### Requirement
Using the data below, restate exactly every line from the one with "Mandala Eule - Mousepad" up to and including the one with "Rurki Konstrukcyjne 340". No picture belongs in it.

### Supplied material

********************

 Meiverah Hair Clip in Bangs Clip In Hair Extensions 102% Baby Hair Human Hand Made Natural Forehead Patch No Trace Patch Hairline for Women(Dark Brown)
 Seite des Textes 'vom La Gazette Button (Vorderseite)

********************

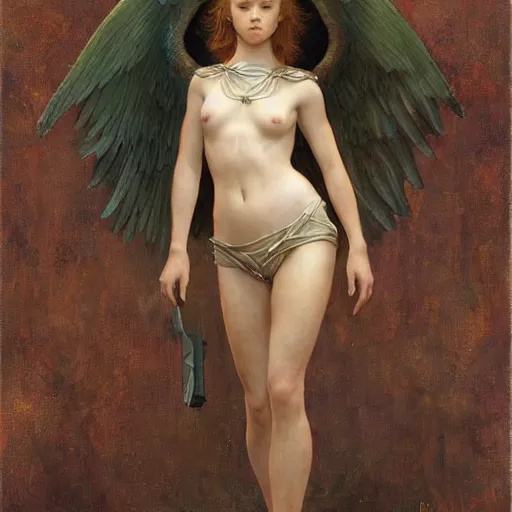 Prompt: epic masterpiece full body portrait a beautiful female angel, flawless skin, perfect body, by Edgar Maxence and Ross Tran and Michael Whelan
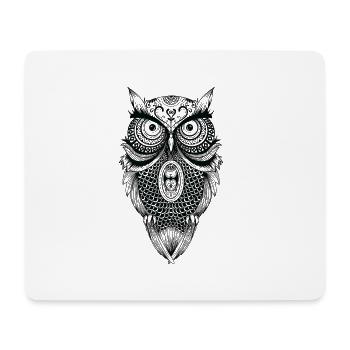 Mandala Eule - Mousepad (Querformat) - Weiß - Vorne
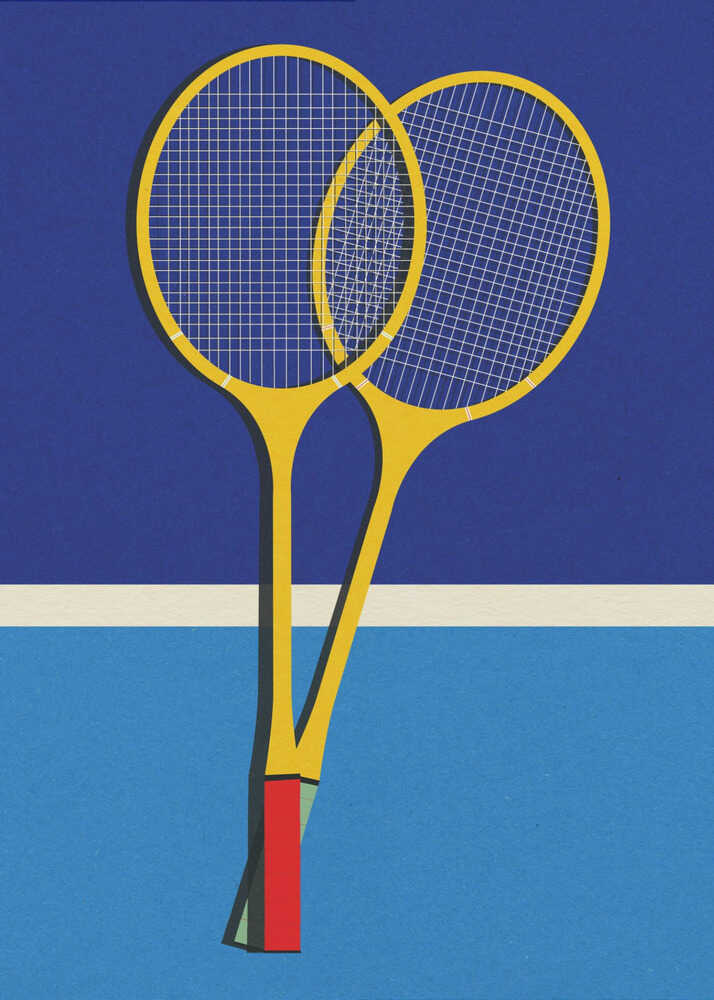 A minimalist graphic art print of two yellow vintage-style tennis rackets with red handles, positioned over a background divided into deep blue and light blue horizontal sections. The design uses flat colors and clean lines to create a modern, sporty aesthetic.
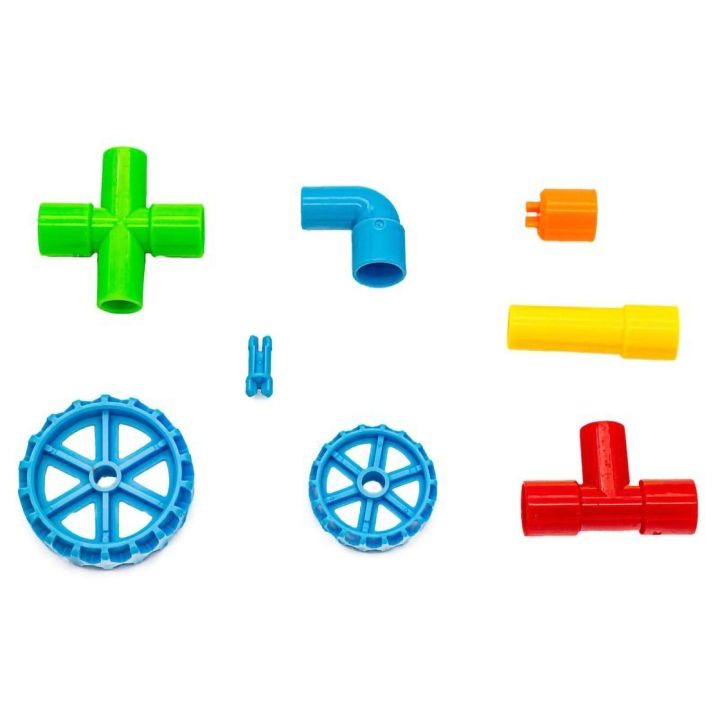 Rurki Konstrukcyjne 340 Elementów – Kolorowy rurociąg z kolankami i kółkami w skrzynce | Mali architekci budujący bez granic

********************

### Task response
 Mandala Eule - Mousepad (Querformat) - Weiß - Vorne
 A minimalist graphic art print of two yellow vintage-style tennis rackets with red handles, positioned over a background divided into deep blue and light blue horizontal sections. The design uses flat colors and clean lines to create a modern, sporty aesthetic.
 Rurki Konstrukcyjne 340 Elementów – Kolorowy rurociąg z kolankami i kółkami w skrzynce | Mali architekci budujący bez granic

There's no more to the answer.